After the panels are installed, cover strip 42 may be installed at the midpoint of the tank to cover the ends of the panels. Additionally, as shown in FIG. 7, a protective metal plate 50 may be installed to cover the narrow end 13 of each trapezoid-shaped panel 10 near the top and bottom surfaces of the tank. Protective plate 50 may be attached to a "C" shaped section 48 that fits around the narrow end 13 of each panel, and connected with pop rivet 51. Thus, the protective plate may be installed without piercing the panel section and without sacrificing the integrity of the vapor barrier around the tank.
The present invention provides a panel system that seals the insulation from the elements, without piercing the vapor barrier or otherwise allowing moisture to penetrate the exterior to reach the insulation. Another advantage of the present invention is that it allows substantial flexing between adjacent panel sections. For example, cable 16 will be allowed to rotate due to expansion and contraction of the system. The vertical straps allow flexing of the cables to prevent damage due to expansion, contraction or other movement of the cables.

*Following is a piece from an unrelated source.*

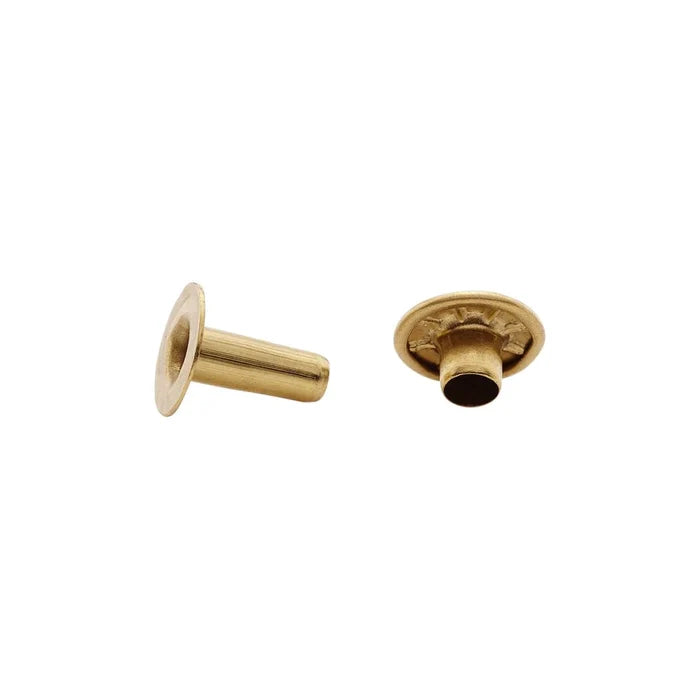 9mm Brass, Single Cap Jiffy Rivet, Solid Brass- 100pk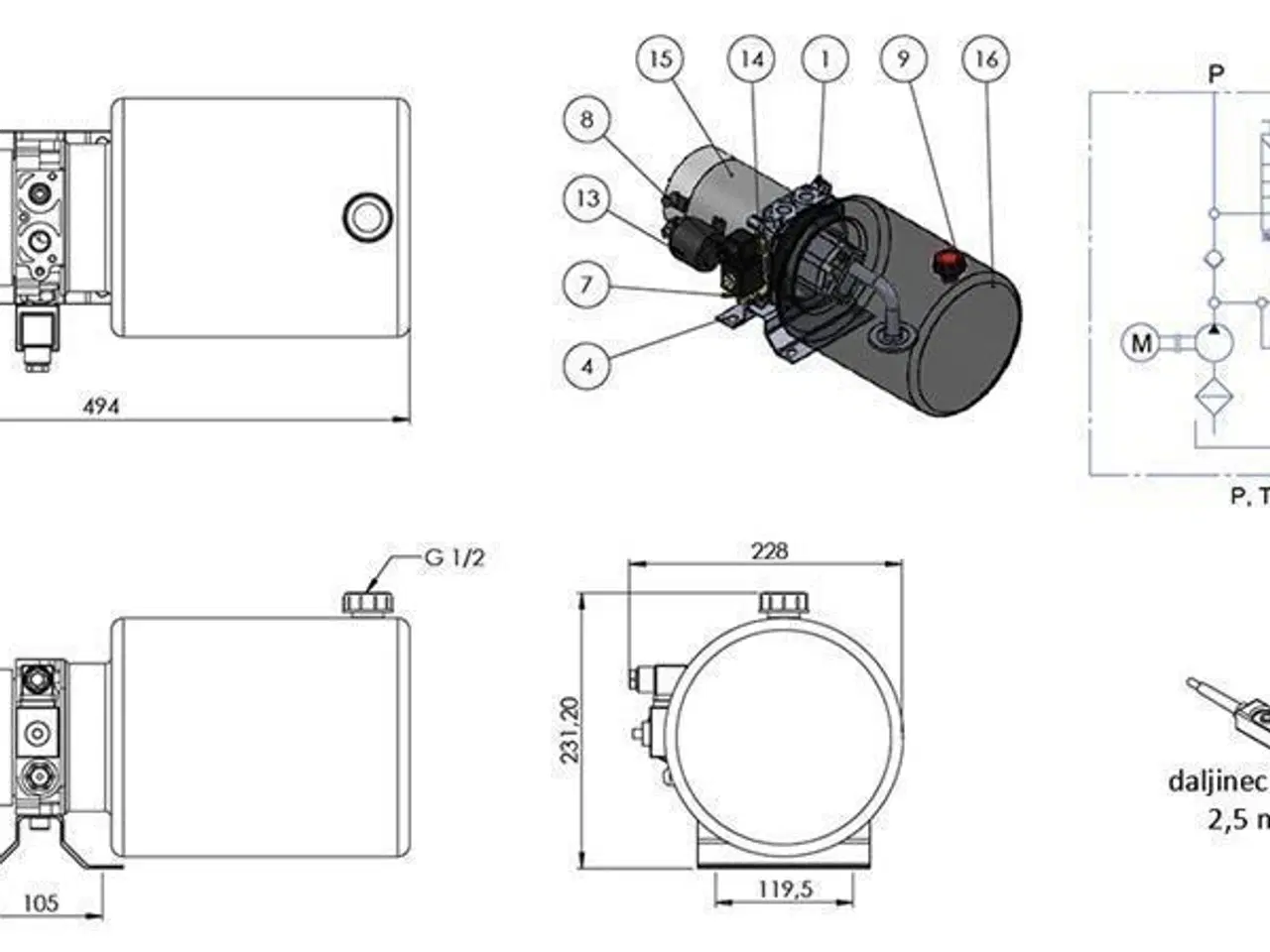 Billede 2 - MINI HYDRAULIKAGGREGAT 12V eller 24V - EV & DV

Also, because the first flange 22 and second flange 24 are double-rolled over the fastener 14, the present invention allows for a continuous uninterrupted closure seam having no exposed joints for possible leakage and subsequent corrosion.
Although variations in the embodiment of the present invention may not each realize all the advantages of the invention, certain features may become more important than others in various applications of the device. The invention, accordingly, should be understood to be limited only by the scope of the appended claims.